● DATA
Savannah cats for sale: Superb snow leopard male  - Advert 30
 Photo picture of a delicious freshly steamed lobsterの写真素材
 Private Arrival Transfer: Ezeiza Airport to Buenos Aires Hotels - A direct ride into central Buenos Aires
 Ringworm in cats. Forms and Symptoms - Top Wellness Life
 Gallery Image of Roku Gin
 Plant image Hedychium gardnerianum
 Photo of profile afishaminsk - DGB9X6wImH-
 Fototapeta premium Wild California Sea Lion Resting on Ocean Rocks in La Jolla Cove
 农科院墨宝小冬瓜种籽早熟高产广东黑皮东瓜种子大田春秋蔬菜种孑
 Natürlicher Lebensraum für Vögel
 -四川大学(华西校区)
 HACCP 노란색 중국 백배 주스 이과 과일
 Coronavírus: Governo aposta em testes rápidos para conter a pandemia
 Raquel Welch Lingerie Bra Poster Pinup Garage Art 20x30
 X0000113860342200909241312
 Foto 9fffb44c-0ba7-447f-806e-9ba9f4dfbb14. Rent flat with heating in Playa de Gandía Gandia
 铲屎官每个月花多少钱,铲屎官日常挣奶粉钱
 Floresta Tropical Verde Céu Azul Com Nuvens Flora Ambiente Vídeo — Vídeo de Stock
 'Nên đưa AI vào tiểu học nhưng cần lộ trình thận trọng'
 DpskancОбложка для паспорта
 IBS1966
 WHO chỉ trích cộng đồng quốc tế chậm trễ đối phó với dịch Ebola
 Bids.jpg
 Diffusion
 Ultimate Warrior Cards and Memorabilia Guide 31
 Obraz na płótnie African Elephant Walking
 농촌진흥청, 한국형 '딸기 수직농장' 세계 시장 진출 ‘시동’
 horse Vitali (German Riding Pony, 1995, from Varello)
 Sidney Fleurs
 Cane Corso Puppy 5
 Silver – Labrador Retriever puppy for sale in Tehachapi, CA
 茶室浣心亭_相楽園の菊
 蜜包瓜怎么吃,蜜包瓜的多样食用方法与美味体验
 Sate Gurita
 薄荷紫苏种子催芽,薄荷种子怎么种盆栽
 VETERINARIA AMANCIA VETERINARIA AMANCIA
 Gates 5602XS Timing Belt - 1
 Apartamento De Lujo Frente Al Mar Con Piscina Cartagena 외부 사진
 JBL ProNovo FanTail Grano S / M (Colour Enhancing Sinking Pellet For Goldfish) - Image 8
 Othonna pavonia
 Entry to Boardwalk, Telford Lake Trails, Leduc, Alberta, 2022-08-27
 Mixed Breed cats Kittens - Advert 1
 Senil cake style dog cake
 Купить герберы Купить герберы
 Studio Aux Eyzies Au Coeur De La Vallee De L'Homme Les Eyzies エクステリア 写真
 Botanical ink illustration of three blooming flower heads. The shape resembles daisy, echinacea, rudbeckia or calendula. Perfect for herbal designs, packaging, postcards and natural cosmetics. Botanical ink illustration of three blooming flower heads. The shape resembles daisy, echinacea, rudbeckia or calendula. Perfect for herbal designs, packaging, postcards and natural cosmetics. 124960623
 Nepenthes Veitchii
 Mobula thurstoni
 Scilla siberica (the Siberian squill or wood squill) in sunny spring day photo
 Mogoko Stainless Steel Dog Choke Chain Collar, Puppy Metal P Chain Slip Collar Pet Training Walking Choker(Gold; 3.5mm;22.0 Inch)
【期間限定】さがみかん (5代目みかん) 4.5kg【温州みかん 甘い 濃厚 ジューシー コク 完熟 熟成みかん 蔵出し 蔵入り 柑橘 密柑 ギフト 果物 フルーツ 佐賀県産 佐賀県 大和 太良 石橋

● PROBLEM STATEMENT
Copy out every record exactly.

● WORKED SOLUTION
Savannah cats for sale: Superb snow leopard male  - Advert 30
 Photo picture of a delicious freshly steamed lobsterの写真素材
 Private Arrival Transfer: Ezeiza Airport to Buenos Aires Hotels - A direct ride into central Buenos Aires
 Ringworm in cats. Forms and Symptoms - Top Wellness Life
 Gallery Image of Roku Gin
 Plant image Hedychium gardnerianum
 Photo of profile afishaminsk - DGB9X6wImH-
 Fototapeta premium Wild California Sea Lion Resting on Ocean Rocks in La Jolla Cove
 农科院墨宝小冬瓜种籽早熟高产广东黑皮东瓜种子大田春秋蔬菜种孑
 Natürlicher Lebensraum für Vögel
 -四川大学(华西校区)
 HACCP 노란색 중국 백배 주스 이과 과일
 Coronavírus: Governo aposta em testes rápidos para conter a pandemia
 Raquel Welch Lingerie Bra Poster Pinup Garage Art 20x30
 X0000113860342200909241312
 Foto 9fffb44c-0ba7-447f-806e-9ba9f4dfbb14. Rent flat with heating in Playa de Gandía Gandia
 铲屎官每个月花多少钱,铲屎官日常挣奶粉钱
 Floresta Tropical Verde Céu Azul Com Nuvens Flora Ambiente Vídeo — Vídeo de Stock
 'Nên đưa AI vào tiểu học nhưng cần lộ trình thận trọng'
 DpskancОбложка для паспорта
 IBS1966
 WHO chỉ trích cộng đồng quốc tế chậm trễ đối phó với dịch Ebola
 Bids.jpg
 Diffusion
 Ultimate Warrior Cards and Memorabilia Guide 31
 Obraz na płótnie African Elephant Walking
 농촌진흥청, 한국형 '딸기 수직농장' 세계 시장 진출 ‘시동’
 horse Vitali (German Riding Pony, 1995, from Varello)
 Sidney Fleurs
 Cane Corso Puppy 5
 Silver – Labrador Retriever puppy for sale in Tehachapi, CA
 茶室浣心亭_相楽園の菊
 蜜包瓜怎么吃,蜜包瓜的多样食用方法与美味体验
 Sate Gurita
 薄荷紫苏种子催芽,薄荷种子怎么种盆栽
 VETERINARIA AMANCIA VETERINARIA AMANCIA
 Gates 5602XS Timing Belt - 1
 Apartamento De Lujo Frente Al Mar Con Piscina Cartagena 외부 사진
 JBL ProNovo FanTail Grano S / M (Colour Enhancing Sinking Pellet For Goldfish) - Image 8
 Othonna pavonia
 Entry to Boardwalk, Telford Lake Trails, Leduc, Alberta, 2022-08-27
 Mixed Breed cats Kittens - Advert 1
 Senil cake style dog cake
 Купить герберы Купить герберы
 Studio Aux Eyzies Au Coeur De La Vallee De L'Homme Les Eyzies エクステリア 写真
 Botanical ink illustration of three blooming flower heads. The shape resembles daisy, echinacea, rudbeckia or calendula. Perfect for herbal designs, packaging, postcards and natural cosmetics. Botanical ink illustration of three blooming flower heads. The shape resembles daisy, echinacea, rudbeckia or calendula. Perfect for herbal designs, packaging, postcards and natural cosmetics. 124960623
 Nepenthes Veitchii
 Mobula thurstoni
 Scilla siberica (the Siberian squill or wood squill) in sunny spring day photo
 Mogoko Stainless Steel Dog Choke Chain Collar, Puppy Metal P Chain Slip Collar Pet Training Walking Choker(Gold; 3.5mm;22.0 Inch)
【期間限定】さがみかん (5代目みかん) 4.5kg【温州みかん 甘い 濃厚 ジューシー コク 完熟 熟成みかん 蔵出し 蔵入り 柑橘 密柑 ギフト 果物 フルーツ 佐賀県産 佐賀県 大和 太良 石橋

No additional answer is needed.